I'm trying to create efficient broadcast arrays in numpy, e.g. a set of shape=[1000,1000,1000]
arrays that have only 1000 elements, but repeated 1e6 times. This can be achieved both through np.lib.stride_tricks.as_strided
and np.broadcast_arrays
.
However, I am having trouble verifying that there is no duplication in memory, and this is critical since tests that actually duplicate the arrays in memory tend to crash my machine leaving no traceback.
I've tried examining the size of the arrays using .nbytes
, but that doesn't seem to correspond to the actual memory usage:
>>> import numpy as np
>>> import resource
>>> initial_memuse = resource.getrusage(resource.RUSAGE_SELF).ru_maxrss
>>> pagesize = resource.getpagesize()
>>>
>>> x = np.arange(1000)
>>> memuse_x = resource.getrusage(resource.RUSAGE_SELF).ru_maxrss
>>> print("Size of x = {0} MB".format(x.nbytes/1e6))
Size of x = 0.008 MB
>>> print("Memory used = {0} MB".format((memuse_x-initial_memuse)*resource.getpagesize()/1e6))

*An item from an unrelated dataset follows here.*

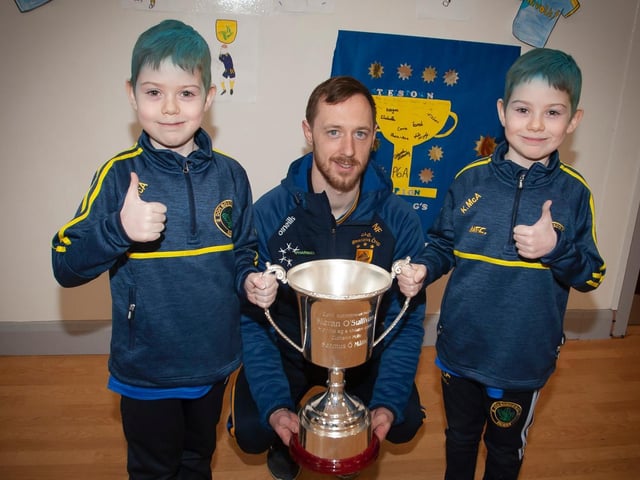 Twin brothers, Shane and Kayden, dressed in blue and yellow to mark this very special occasion with Steelstown captain, Neil Forrester and the Kieran O'Sullivan Cup. (Photo: Jim McCafferty)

Memory used = 150.994944 MB
>>>
>>> y = np.lib.stride_tricks.as_strided(x, [1000,10,10], strides=x.strides + (0, 0))
>>> memuse_y = resource.getrusage(resource.RUSAGE_SELF).ru_maxrss
>>> print("Size of y = {0} MB".format(y.nbytes/1e6))
Size of y = 0.8 MB
>>> print("Memory used = {0} MB".format((memuse_y-memuse_x)*resource.getpagesize()/1e6))
Memory used = 201.326592 MB
>>>
>>> z = np.lib.stride_tricks.as_strided(x, [1000,100,100], strides=x.strides + (0, 0))
>>> memuse_z = resource.getrusage(resource.RUSAGE_SELF).ru_maxrss
>>> print("Size of z = {0} MB".format(z.nbytes/1e6))
Size of z = 80.0 MB
>>> print("Memory used = {0} MB".format((memuse_z-memuse_y)*resource.getpagesize()/1e6))
Memory used = 0.0 MB
So .nbytes
reports the "theoretical" size of the array, but apparently not the actual size. The resource
checking is a little awkward, as it looks like there are some things being loaded & cached (perhaps?) that result in the first striding taking up some amount of memory, but future strides take none.
tl;dr: How do you determine the actual size of a numpy array or array view in memory?